[Provided records]
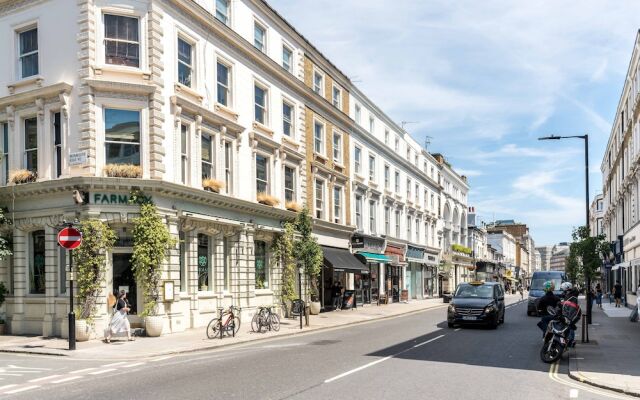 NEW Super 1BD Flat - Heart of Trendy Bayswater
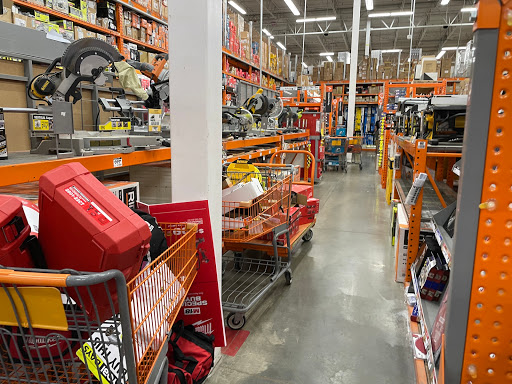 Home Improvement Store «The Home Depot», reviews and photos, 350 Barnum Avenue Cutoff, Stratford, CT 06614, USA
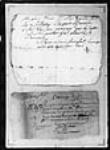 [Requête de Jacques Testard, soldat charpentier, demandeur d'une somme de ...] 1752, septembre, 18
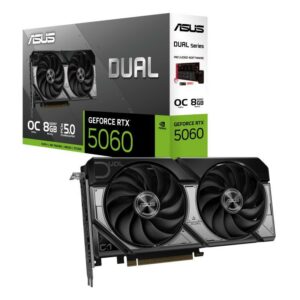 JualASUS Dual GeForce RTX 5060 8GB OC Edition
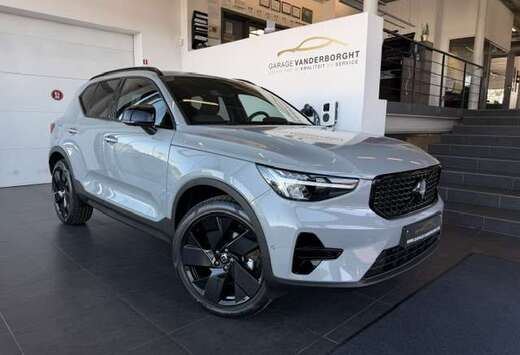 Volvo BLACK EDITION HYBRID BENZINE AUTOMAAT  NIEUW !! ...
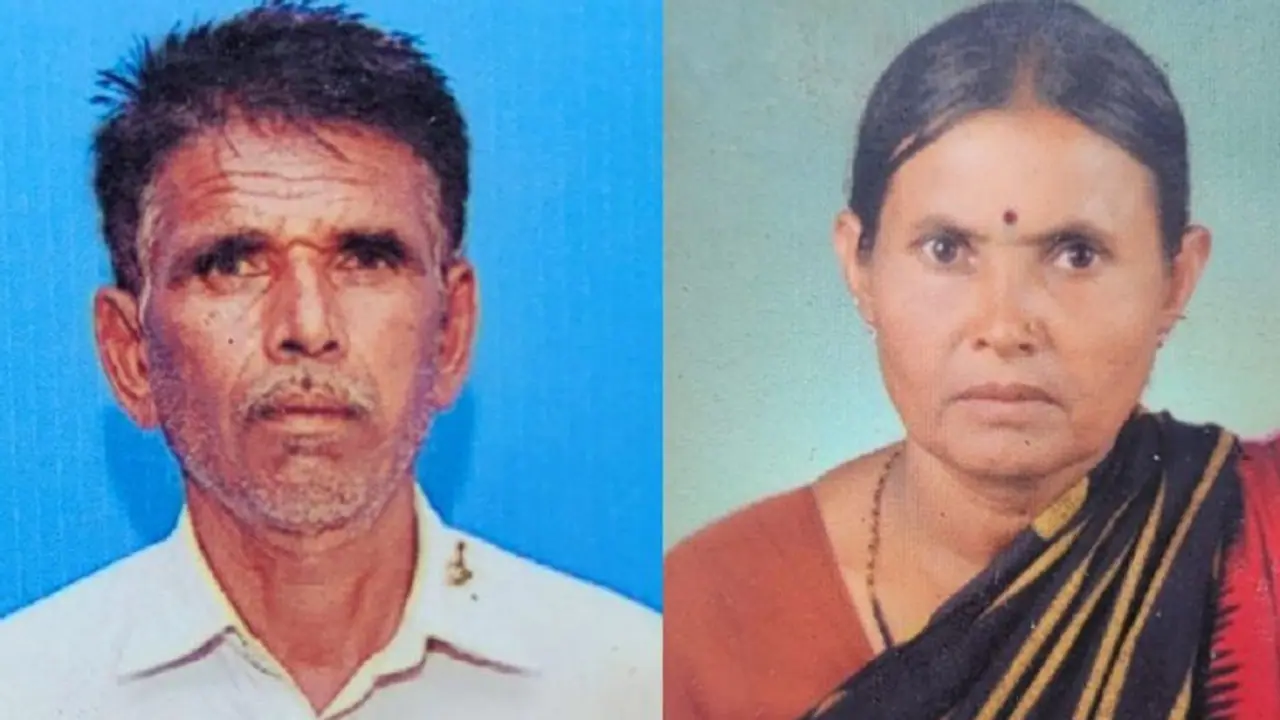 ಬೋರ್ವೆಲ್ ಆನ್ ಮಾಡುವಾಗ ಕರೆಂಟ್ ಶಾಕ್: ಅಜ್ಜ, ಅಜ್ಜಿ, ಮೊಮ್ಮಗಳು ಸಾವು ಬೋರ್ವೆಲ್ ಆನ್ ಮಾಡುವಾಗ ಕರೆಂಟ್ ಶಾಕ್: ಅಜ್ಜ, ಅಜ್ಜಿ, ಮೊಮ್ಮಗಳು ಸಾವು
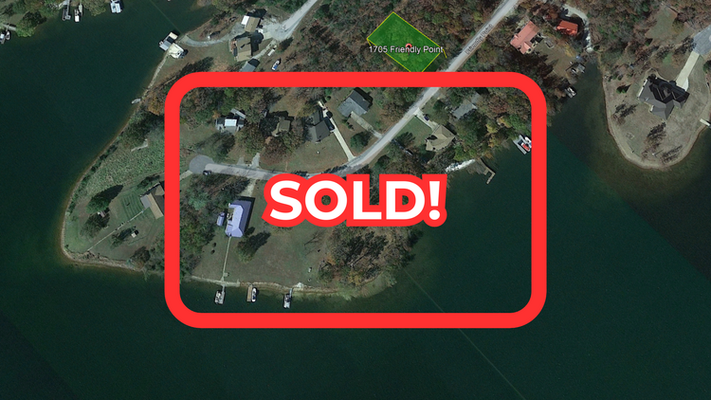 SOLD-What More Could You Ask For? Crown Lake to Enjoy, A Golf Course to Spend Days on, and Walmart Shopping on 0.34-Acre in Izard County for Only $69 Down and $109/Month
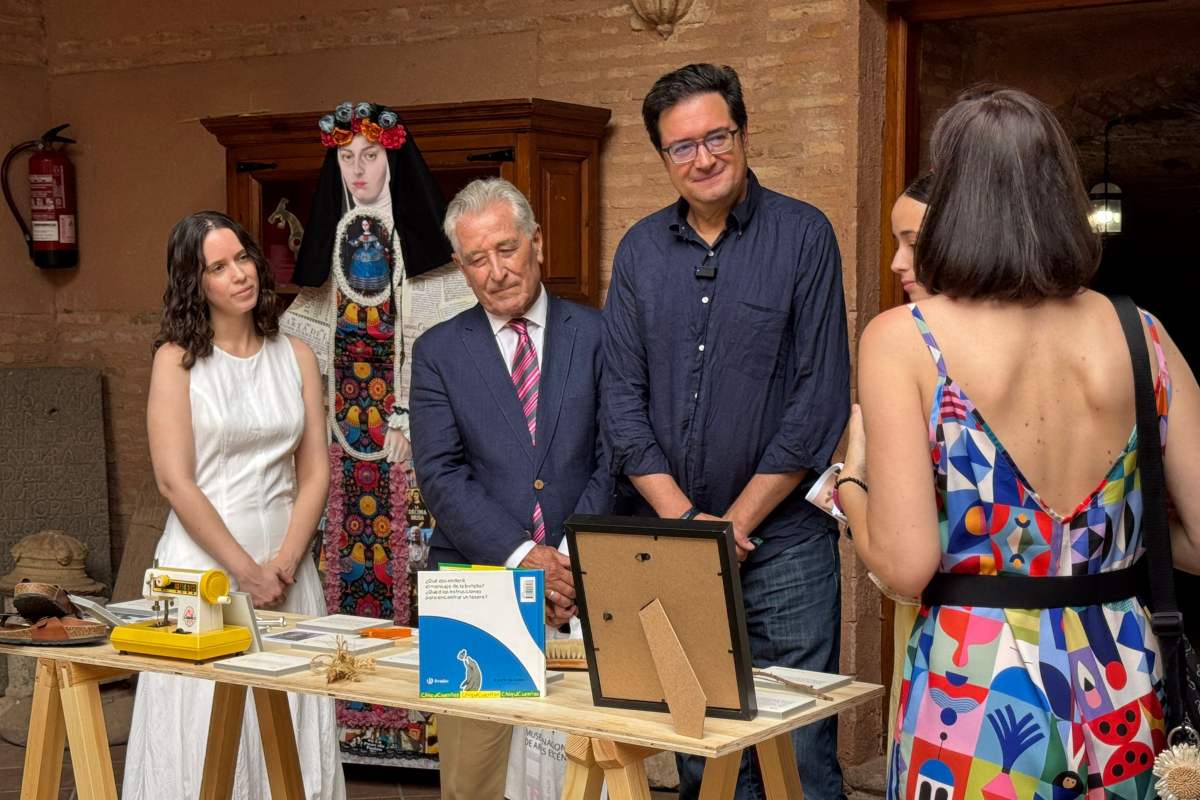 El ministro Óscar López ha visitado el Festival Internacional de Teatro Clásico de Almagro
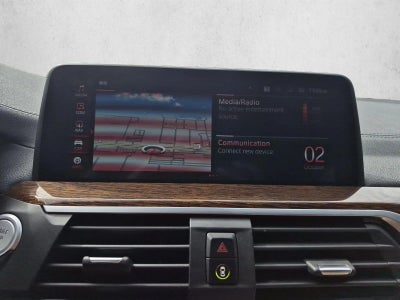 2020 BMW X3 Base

* * *

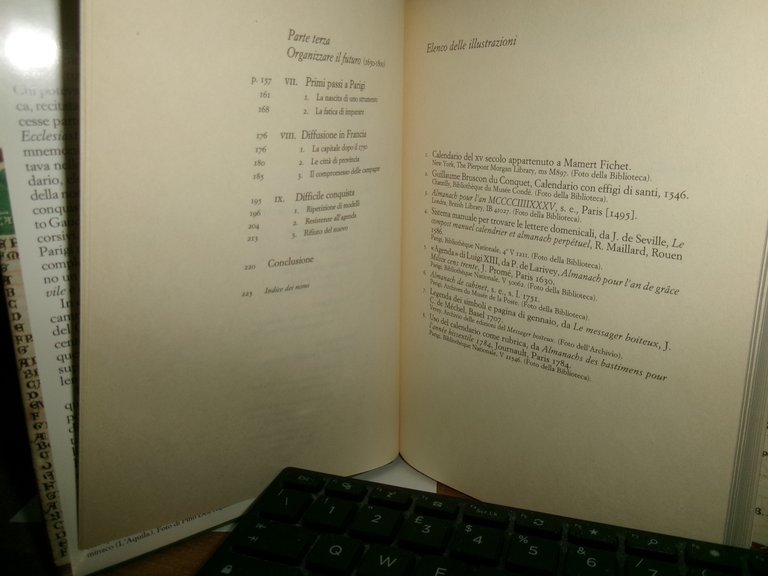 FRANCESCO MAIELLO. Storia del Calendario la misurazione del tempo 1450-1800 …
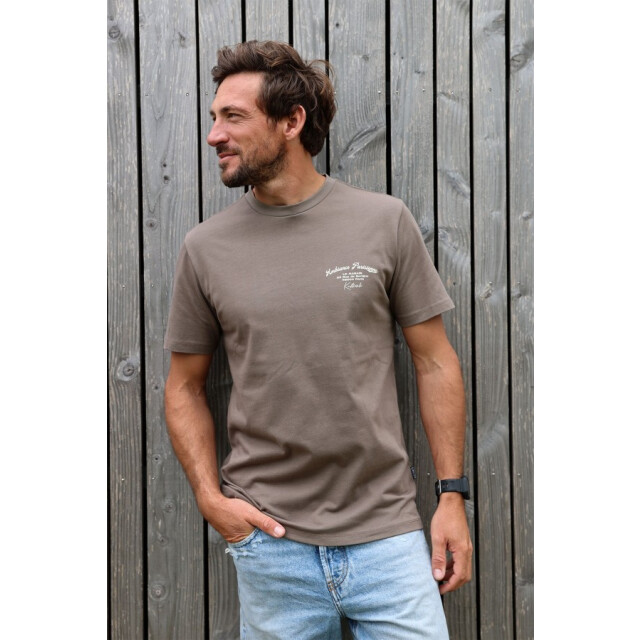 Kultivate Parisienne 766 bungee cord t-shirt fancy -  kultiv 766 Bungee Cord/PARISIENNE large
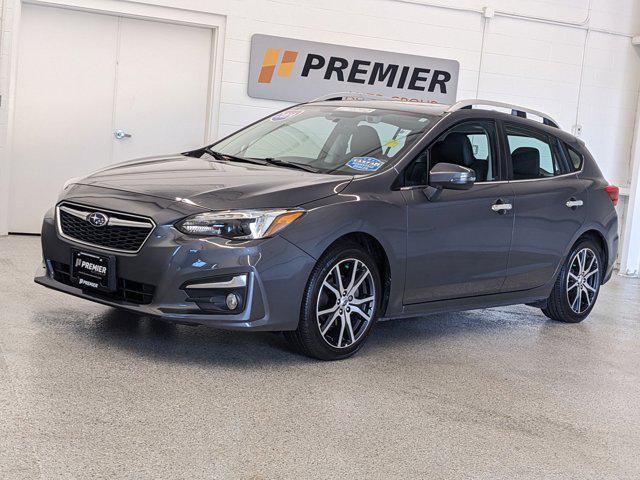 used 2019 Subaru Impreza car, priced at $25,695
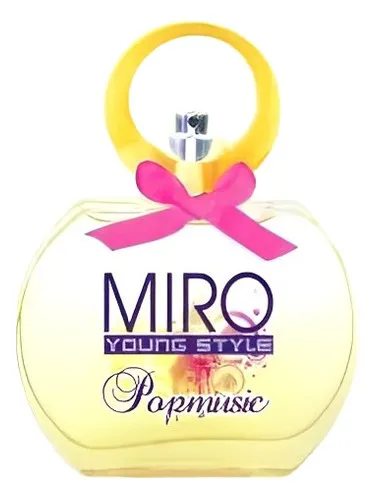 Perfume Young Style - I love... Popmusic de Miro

[Exercise description] Above are some records; quote exactly and only the lines that begin at the line containing "Kultivate Parisienne 766" and stop after the line containing "Perfume Young Style", leaving out the pictures.

[Solution to this task]
 Kultivate Parisienne 766 bungee cord t-shirt fancy -  kultiv 766 Bungee Cord/PARISIENNE large
 used 2019 Subaru Impreza car, priced at $25,695
 Perfume Young Style - I love... Popmusic de Miro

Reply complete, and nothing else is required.